We are aware that our study has several limitations. First, the number of recruited patients was small and second, the selected primary end-point (PFS instead of OS) conveys a narrower scope in our observations. Third, the lack of enhanced PFS contrasts with a greater OS observed; this long-term survival effect may be explained due to the limitations of RECIST1.1 interpreting progressive disease in the presence of an immune response. We are also conscious that tumor biopsies are not the most desirable source of antigens in order to prepare a vaccine because of their high heterogenicity compared to synthetic peptides or neoantigens. Finally, the lack of significant post-therapy changes in peripheral blood CD8+ effector T cells numbers should not preclude future analyses of these and other immune populations in pre- and post-therapy tumor tissue biopsies. That said, our additional observations of lack of increased GEP scores observed in post-treatment samples suggests that the combined Avelumab plus ADC therapy may fail to boost the cytolytic efficacy of the immune environment in CRCs.

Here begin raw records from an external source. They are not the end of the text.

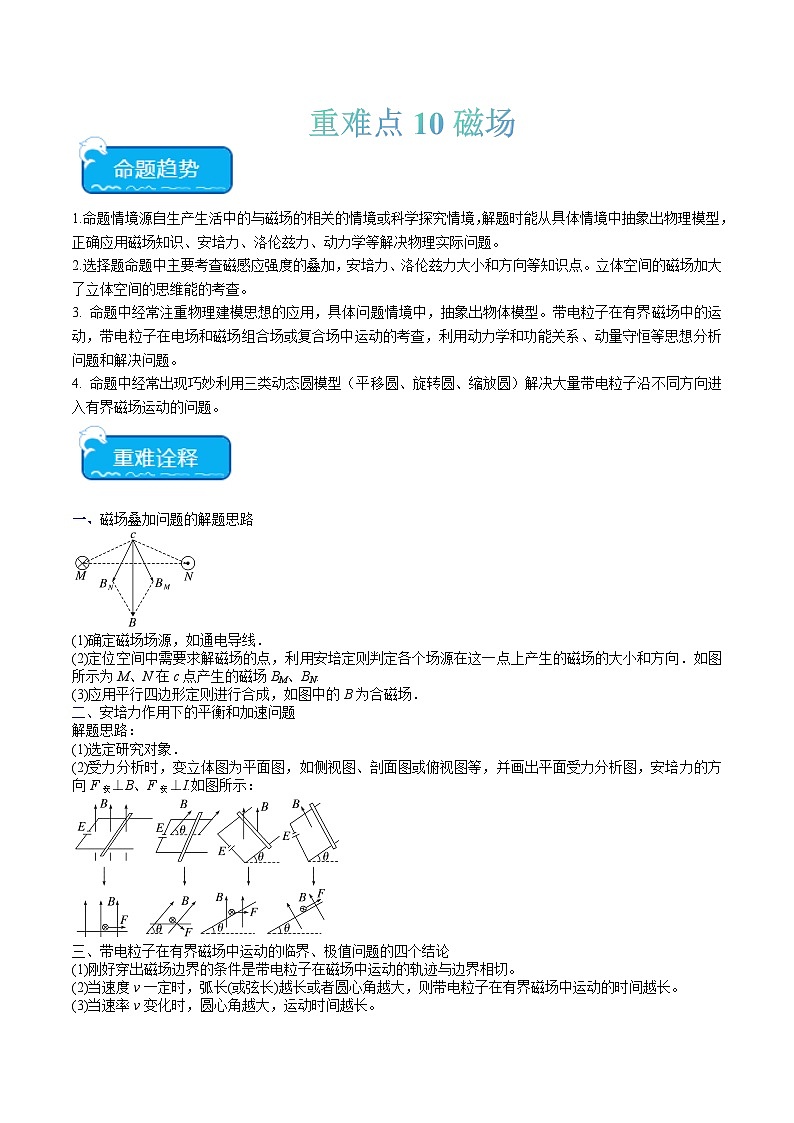 重难点10 磁场（原卷版）第1页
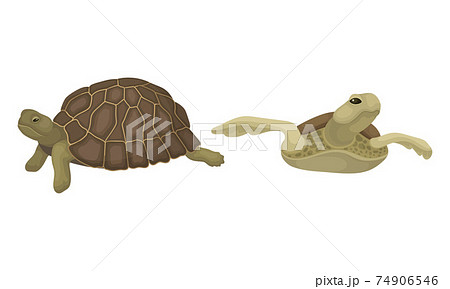Turtles with Bony Shell as Land-dwelling and Sea-dwelling Specie Vector Set Turtles with Bony Shell as Land-dwelling and Sea-dwelling Specie Vector Set 74906546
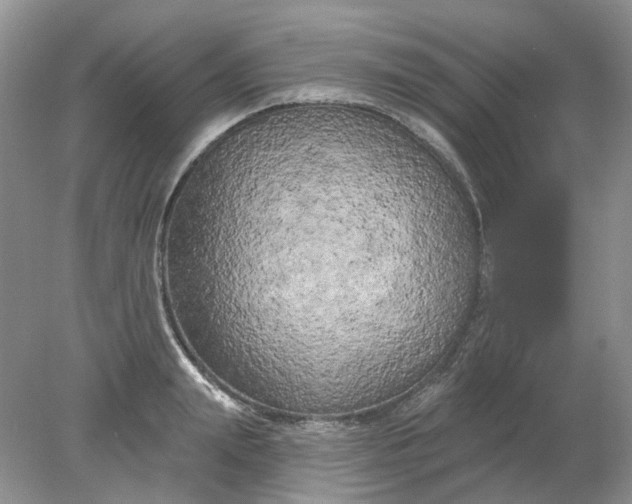 X0000078290847200611172120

Conclusion and perspective

We have shown that the combination with Avelumab plus ADC vaccine is safe and well tolerated, although it exhibited modest clinical activity in unselected mCRC patients. Further, we describe that this therapy induces a previously unreported metabolic rewiring after ICB and ADC in mCRC which may represent a novel immunotherapy-induced tumor vulnerability. We advocate for new therapeutic strategies, including ICB in combination with nanoparticles vaccines or oncolytic virus, to increase antigen presentation along with drugs that target specific metabolic dependences, in selected groups of MSS mCRC patients based on immune-metabolic signatures such as IMMETCOLS, in prospective clinical trials.